Protecting women under fire in two court cases

By Dave Andrusko

In this post we will discuss two court cases. One brought by the ACLU against pro-life Tennessee legislation, the other a response by the Food and Drug Administration in which the FDA defending requirements intended to protect women who are taking chemical abortifacients.
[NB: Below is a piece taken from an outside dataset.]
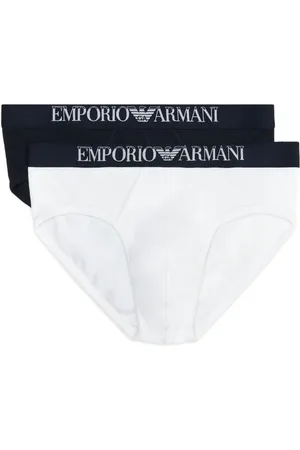 Emporio Armani Pack de 2 bóxeres con logo en la cinturilla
With regard to the ACLU and Tennessee, here’s what our affiliate, Tennessee Right to Life, had to say. Under the headline “Abortion Profiteers Take TN to Court Again,” we read

Planned Parenthood Federation of America, ACLU, ACLU of Tennessee, the Center for Reproductive Rights and other for-profit abortion operators filed suit on Monday to overturn the #Prolife Abortion Pill Reversal Bill that the Tennessee Legislature passed in June.

The law, set to go into effect on October 1, would require abortion facilities to display signage informing women that a chemical (RU486) abortion may be reversed following the first dose of a two-pill protocol. It also requires a physician to directly provide the same information during informed consent, 48 hours prior to the abortion procedure.
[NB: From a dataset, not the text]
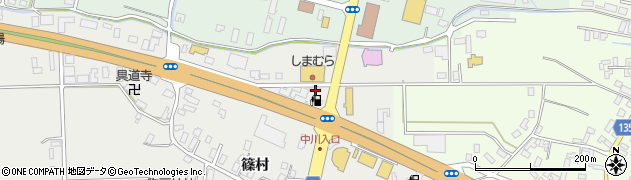青森県黒石市中川篠村21周辺の地図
The ACLU’s bottom line is the same boilerplate argument it continues to make about Abortion Reversal. According to Andrew Beck, “the law would require doctors to lie to patients and share misinformation that isn’t backed up by credible science.” This is a patent falsehood as we have discovered here, here, and here.

In a brief dated September 8, pro-abortion organizations and providers argued the order must remain in place. The FDA formally filed its reply brief with the Supreme Court on Thursday. 

As NRL News Today has reported, on July 14, Theodore Chuang of the U.S. District Court for the District of Maryland issued an injunction preventing the FDA from enforcing its requirement that “women go to doctor’s offices, clinics, or hospitals to pick up the drug mifepristone, also known as mifeprex, for the duration of the public health emergency caused by the novel coronavirus,” as Bloomberg Law described it. 

The FDA asked the court to stay an order that “requires the agency to allow women to get the drug by mail or delivery until the emergency ends.”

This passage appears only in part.